ICA Congress focuses on Brazil jewel trade
RIO DE JANEIRO, Brazil, May 3, 2011 – A lot has changed in Brazil since the International Colored Gemstone Association held its first Biennial Congress in Belo Horizonte in 1997. Today, as the group meets in Rio de Janeiro, delegates learned about Brazil’s thriving trade from mine to market, which is expected to experience even more growth over the next two decades.
A full day of presentations by industry and government officials enlightened Congress attendees of just how much Brazil’s industry has expanded, as well as the current and long-range strategies that will drive business in the future.
With a US$2 trillion Gross Domestic Product, Brazil ranks as the eighth largest economy in the world, sixth largest in purchasing power allowing it to be a key participant in the world economy.
Brazil’s jewelry sector represents 15,000 companies—12,000 of which are retailers, 2,150 manufacturing fashion/plated jewelry, 900 producing gold and silver designs, and 450 that cut and polish gems.
Nearly three quarters of the industry is comprised of small and medium sizes companies. Sales for all gem and jewelry sectors in 2010 totaled US$6.5 billion ($2.8 billion of which was retail), with exports totaling US$2.2 billion, up from US$1.7 billion in 2009 (exporting four times more than it imports).
“Brazilian brands are being recognized worldwide for their unique design, sensibility and charisma,” says Hécliton Santini Henriques, president of the Brazilian Jewellery and Gems Trade Association (IBGM). He sees Brazil’s opportunity between premium-priced couture and lower-cost classic jewelry.

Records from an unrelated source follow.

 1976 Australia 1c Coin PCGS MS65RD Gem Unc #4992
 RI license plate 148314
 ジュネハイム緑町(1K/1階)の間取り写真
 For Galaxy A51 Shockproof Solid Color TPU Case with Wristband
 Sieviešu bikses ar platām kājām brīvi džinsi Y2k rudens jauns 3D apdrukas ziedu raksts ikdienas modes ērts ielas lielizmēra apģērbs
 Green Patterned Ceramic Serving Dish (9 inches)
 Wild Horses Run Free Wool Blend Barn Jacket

In the past 20 years, IBGM has changed the benchmark for Brazilian design by raising awareness through such actions as design competitions, greater worldwide exhibition exposure, and partnerships with private and public entities to improve how the trade does business.

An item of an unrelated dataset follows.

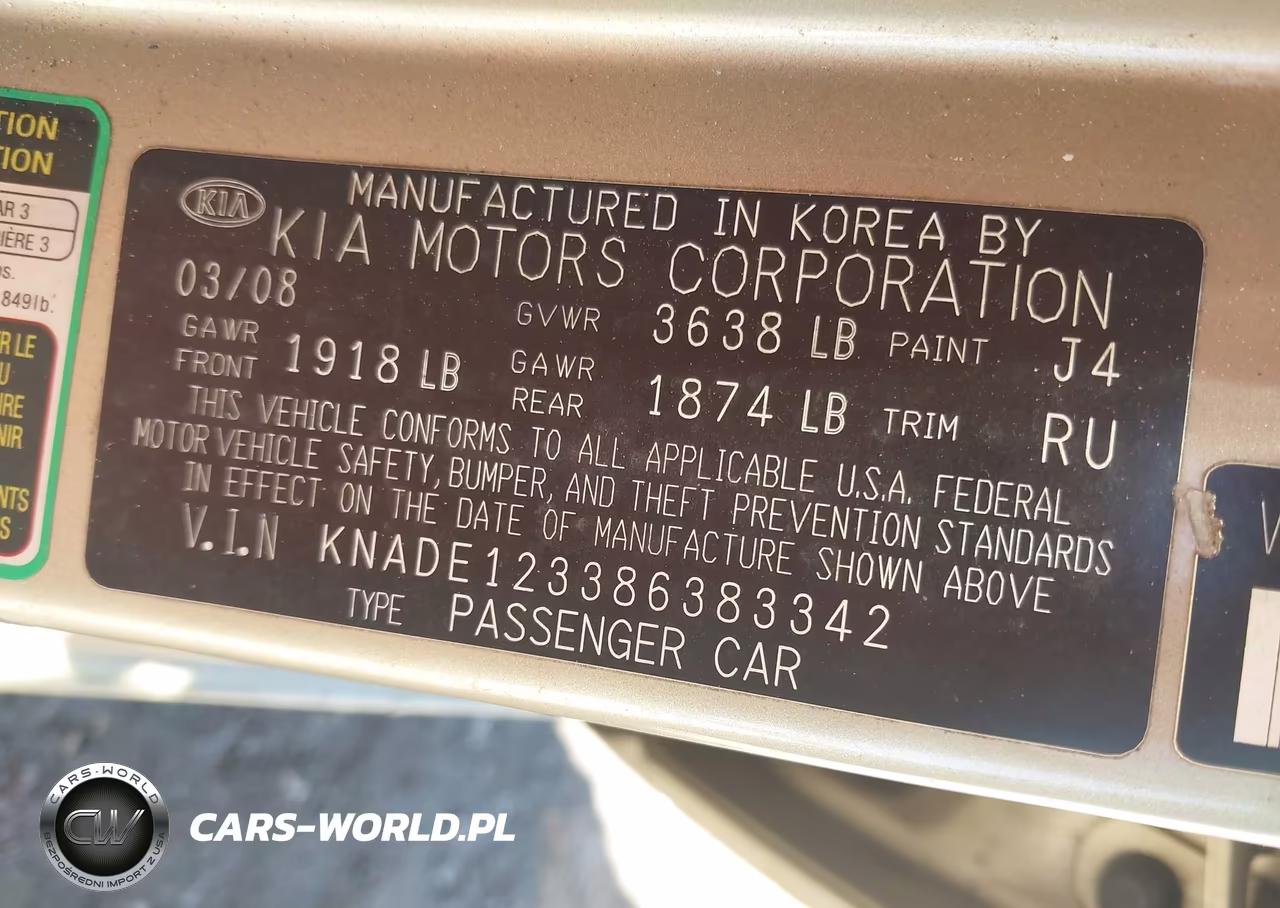2008 Kia Rio Lx VIN:KNADE123386383342 - 9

Technical schools like Senac College in Rio offer a growing list of courses from design and goldsmithing to lapidary and entrepreneurship.
As the fifth largest country in size, Brazil is well endowed with natural resources. Nine local productive clusters are in place in seven Brazilian states, helping to formalize small mining cooperatives, through programs with SEBRAE (Brazilian Service of Support for Micro and Small Enterprises).
The Ministry of Mines and Energy, according to its secretary of geology, mining and mineral processing, Claudio Scliar, has developed a 20-year plan focused on 11 strategic goals.
Among them are expanding polices and programming to formalize and strengthen the position of small and medium mining companies to assist in attaining credit and investments and meeting environmental regulations; building supply chain infrastructure to increase Brazil’s added value on gems produced (developing local cutting); creating and fortifying policies and programs for ethically/environmentally friendly mined gems, especially as the industry looks to the Amazon area for greater production.
Marcelo Ribeiro, director of the Belmont Group, emerald production in Minas Gerais, cites that mining is getting much deeper and more difficult.
He advocates the discovery of new mines through geological exploration, requiring investment in the sector.
According to Adriano Campos, investment promotions for Apex, the country’s trade and promotion agency, economic growth and government programs are helping lift many Brazilians out of poverty and fueling a sense of optimism.
“Brazil’s $1.3 trillion economy is bigger than those of India and Russia, and its per-capita income is nearly twice that of China,” he says.
“Economists and social scientists say the booming trade-oriented economy and innovative government programs are lifting millions from poverty and shaking what was once a certainty: that a person born poor in Brazil would surely die poor.”
A prime example of this can be seen in the efforts of FIRJAN (Federation of Industries of the State of Rio de Janeiro), working to create a positive environment for the industrial sector to promote new investments to Rio.
The group’s goal this year is to train over 68,000 students, free of charge, in technical jobs to create an environment for industries to grow and communities to prosper.
FIRJAN is also promoting athlete programs for kids, literacy programs, senior activities, health care, refurbishing low-income neighborhoods and increasing police presence to diminish drug trafficking and violent crimes to uplift poverty-stricken areas.
To assist in ongoing efforts, one of ICA’s major Congress sponsors, Lorenzo Jewelry, a gem-intense jewelry manufacturer based in Hong Kong, presented the agency with a check for $30,000.
With the soccer World Cup coming to Brazil in 2014 and the Olympics in 2016, the country wants to put its best foot forward, creating an impetus for rapid growth in the coming months.
Additional presentations highlighted the innovative and distinctive work of jewelers like H.Stern and designers such as Antonio Bernardo, who bring to life unique jewelry products that celebrate Brazilian gemstones, as well as ingenuity.
Such creativity will be promoted in a new marketing campaign organized by IBGM in partnership with the Fashion Institute of Technology in New York, which will be launched at the Couture Show in Las Vegas this June.